- [Directions]
Reproduce only the lines below from the line containing "An image showcasing" to the line containing "Pink ribbed LS Top with Daisy. Age 24M", exactly as written, with both end lines kept. Omit the pictures.

- [Data to use]
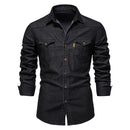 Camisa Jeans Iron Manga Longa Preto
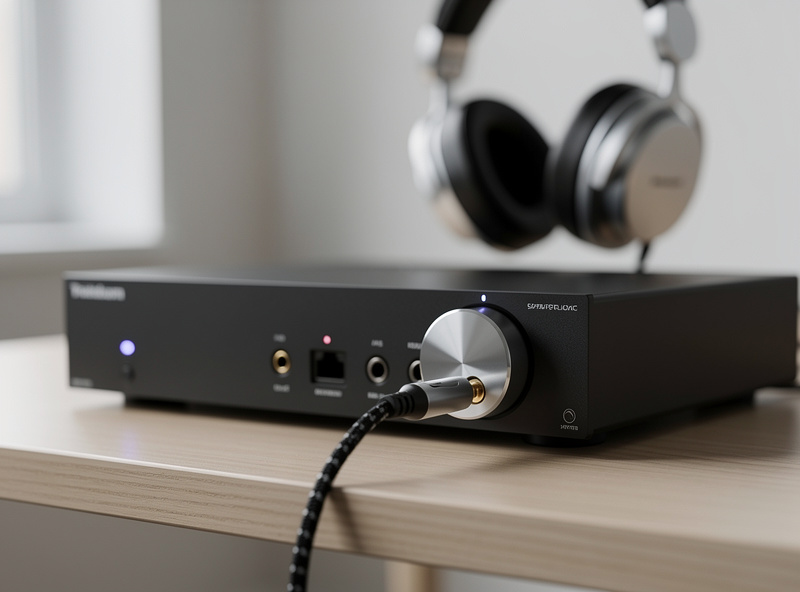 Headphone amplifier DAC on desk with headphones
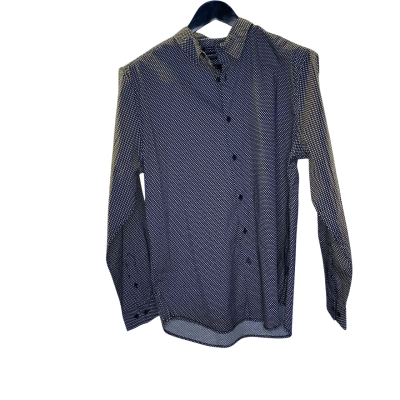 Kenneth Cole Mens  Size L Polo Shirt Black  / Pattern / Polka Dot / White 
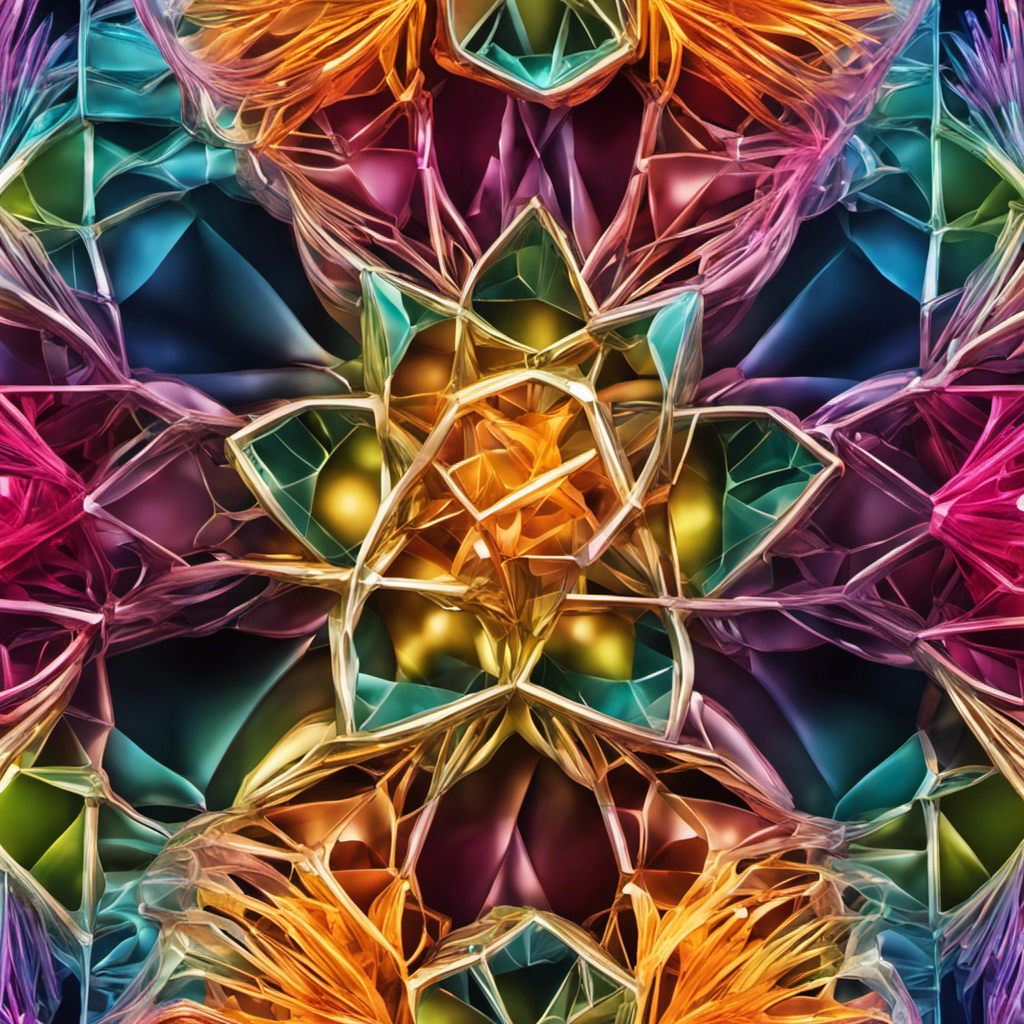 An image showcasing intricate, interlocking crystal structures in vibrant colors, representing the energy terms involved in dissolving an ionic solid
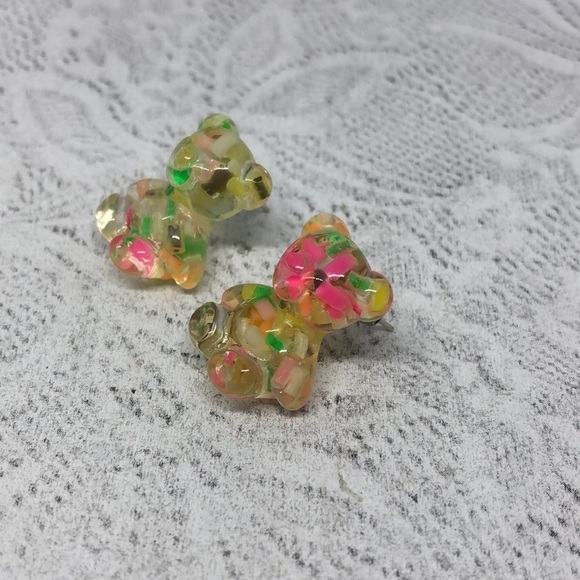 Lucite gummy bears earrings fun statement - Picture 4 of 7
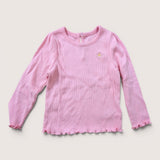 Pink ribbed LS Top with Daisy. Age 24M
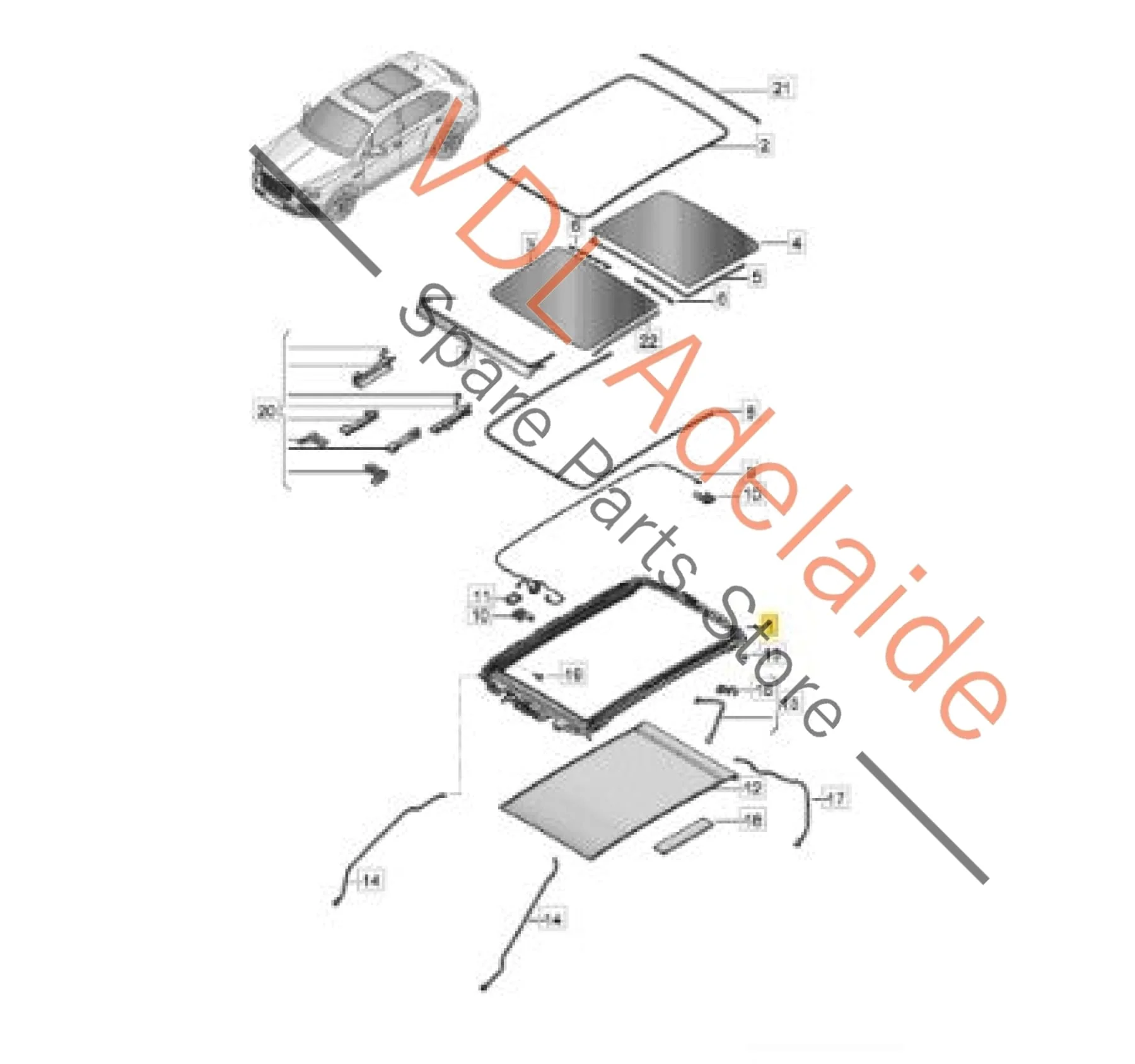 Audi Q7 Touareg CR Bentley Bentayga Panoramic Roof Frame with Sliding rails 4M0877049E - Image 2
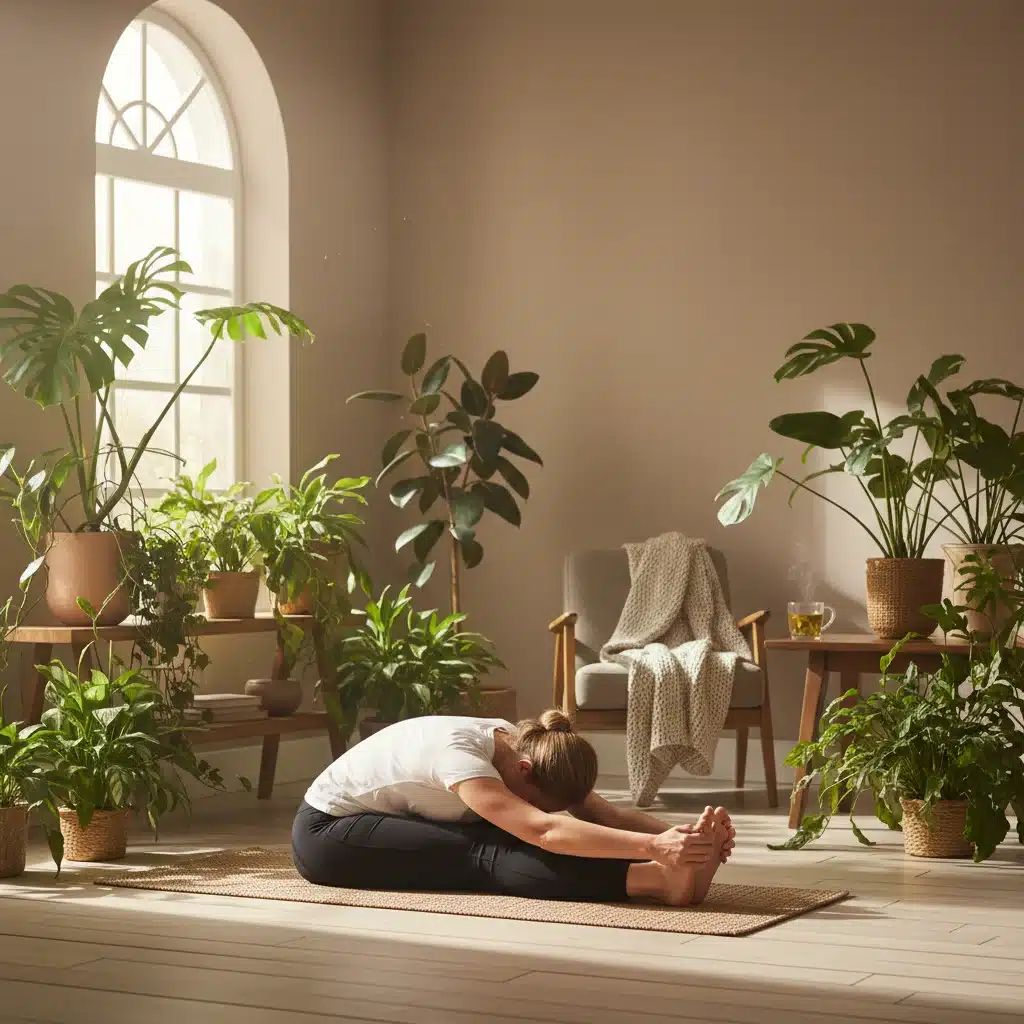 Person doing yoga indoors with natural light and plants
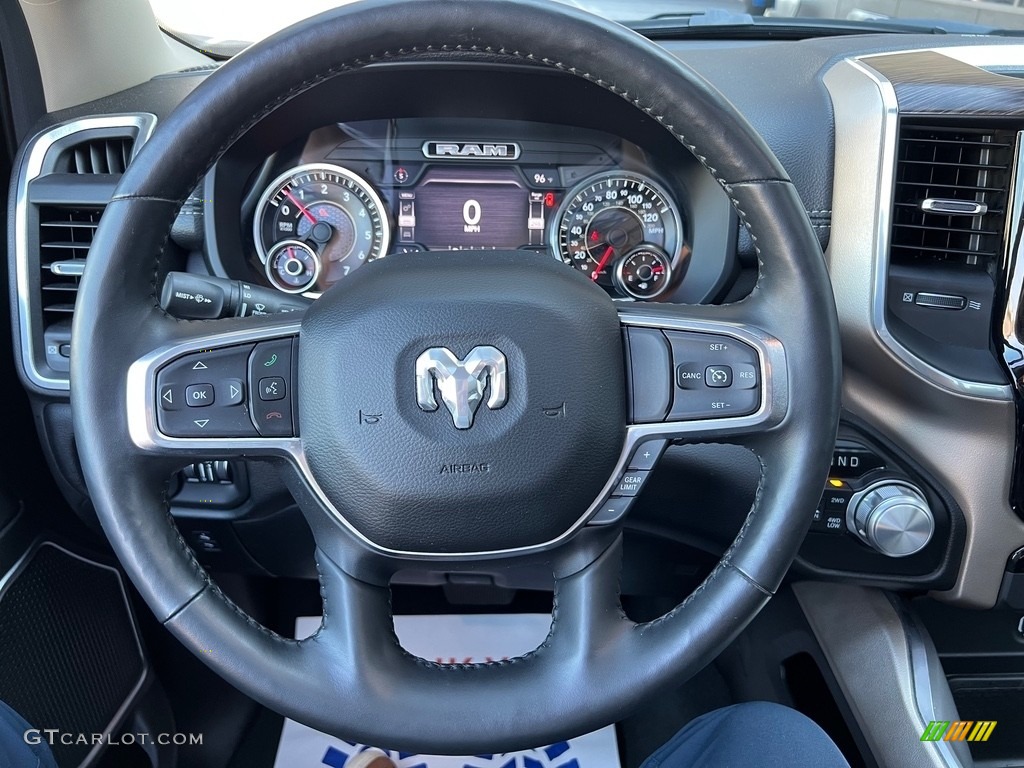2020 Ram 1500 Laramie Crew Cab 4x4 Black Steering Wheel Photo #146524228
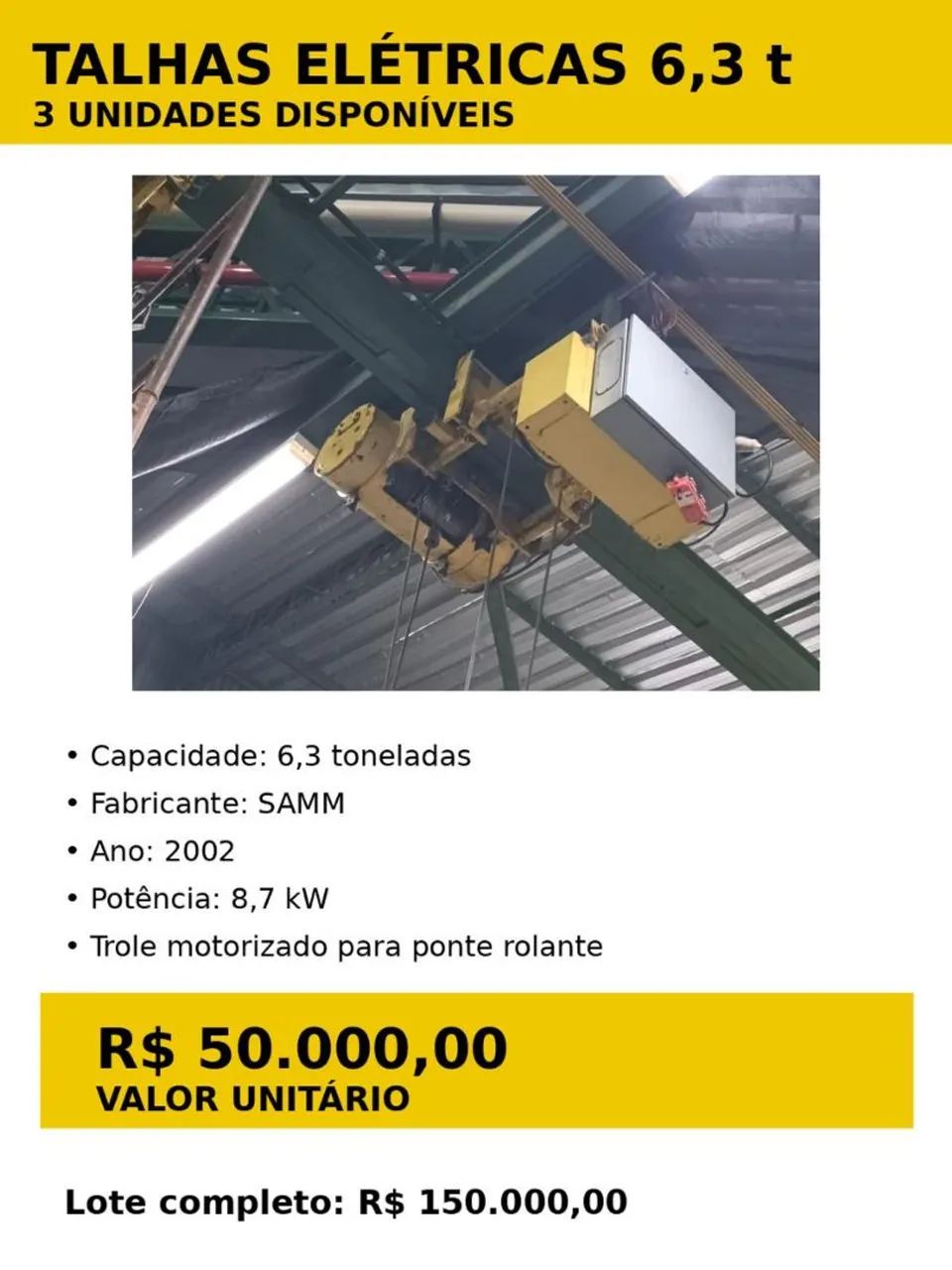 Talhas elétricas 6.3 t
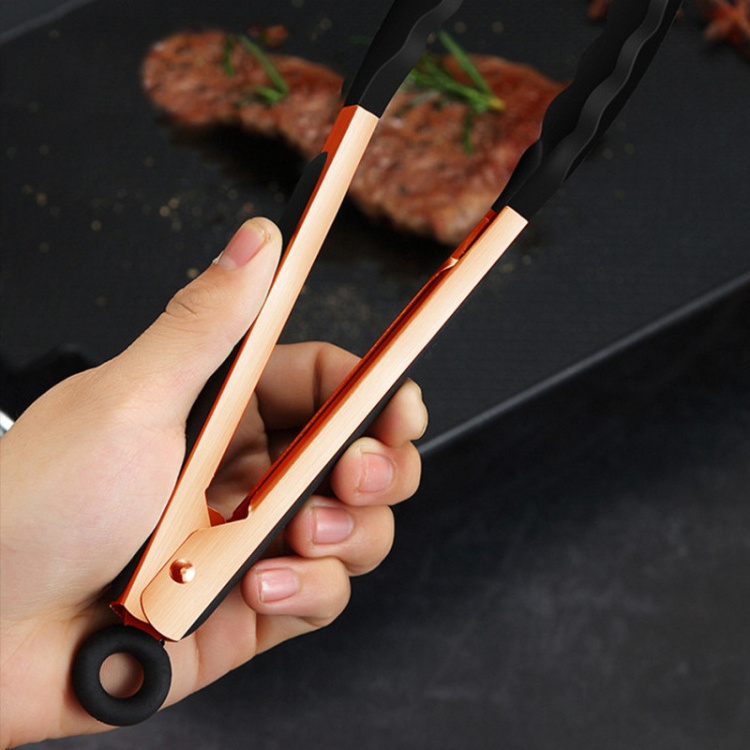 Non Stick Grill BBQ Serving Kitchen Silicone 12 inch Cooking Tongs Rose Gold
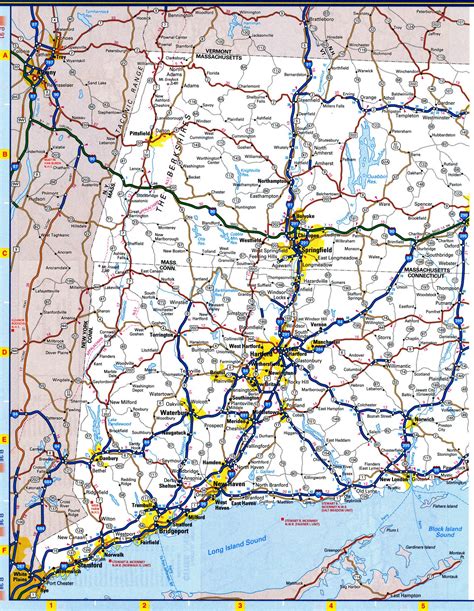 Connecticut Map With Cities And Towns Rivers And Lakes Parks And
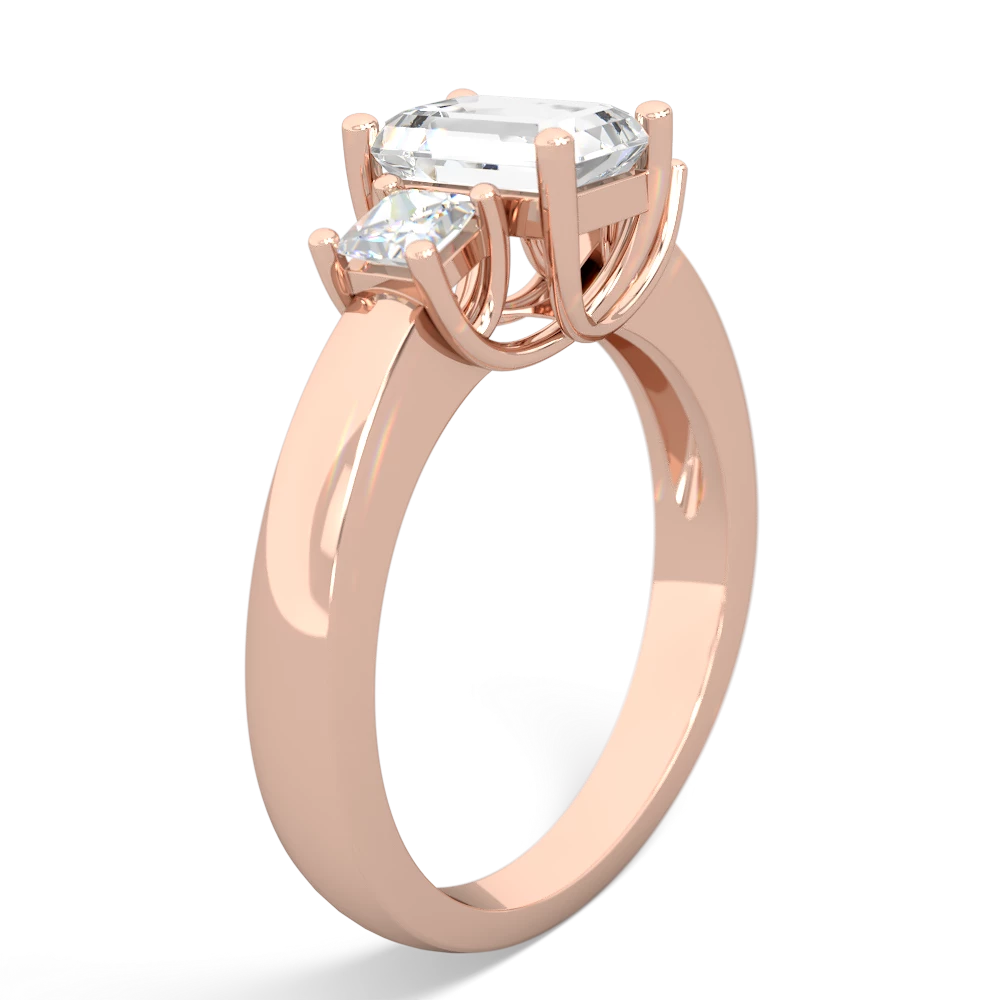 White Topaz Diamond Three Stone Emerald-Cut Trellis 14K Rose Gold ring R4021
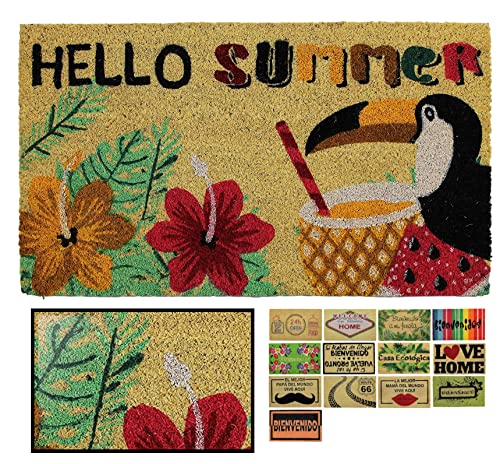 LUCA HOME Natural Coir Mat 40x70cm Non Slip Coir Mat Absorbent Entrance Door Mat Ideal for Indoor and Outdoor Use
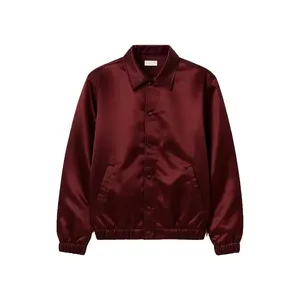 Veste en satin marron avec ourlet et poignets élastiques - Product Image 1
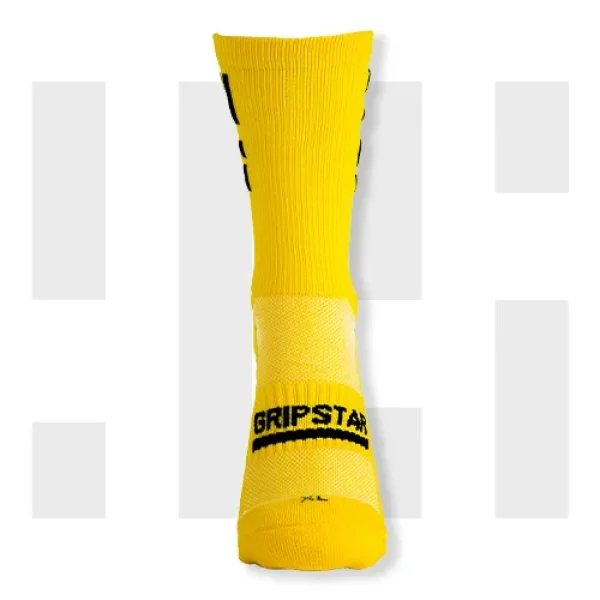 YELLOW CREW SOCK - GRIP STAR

- [Task solution]
 An image showcasing intricate, interlocking crystal structures in vibrant colors, representing the energy terms involved in dissolving an ionic solid
 Lucite gummy bears earrings fun statement - Picture 4 of 7
 Pink ribbed LS Top with Daisy. Age 24M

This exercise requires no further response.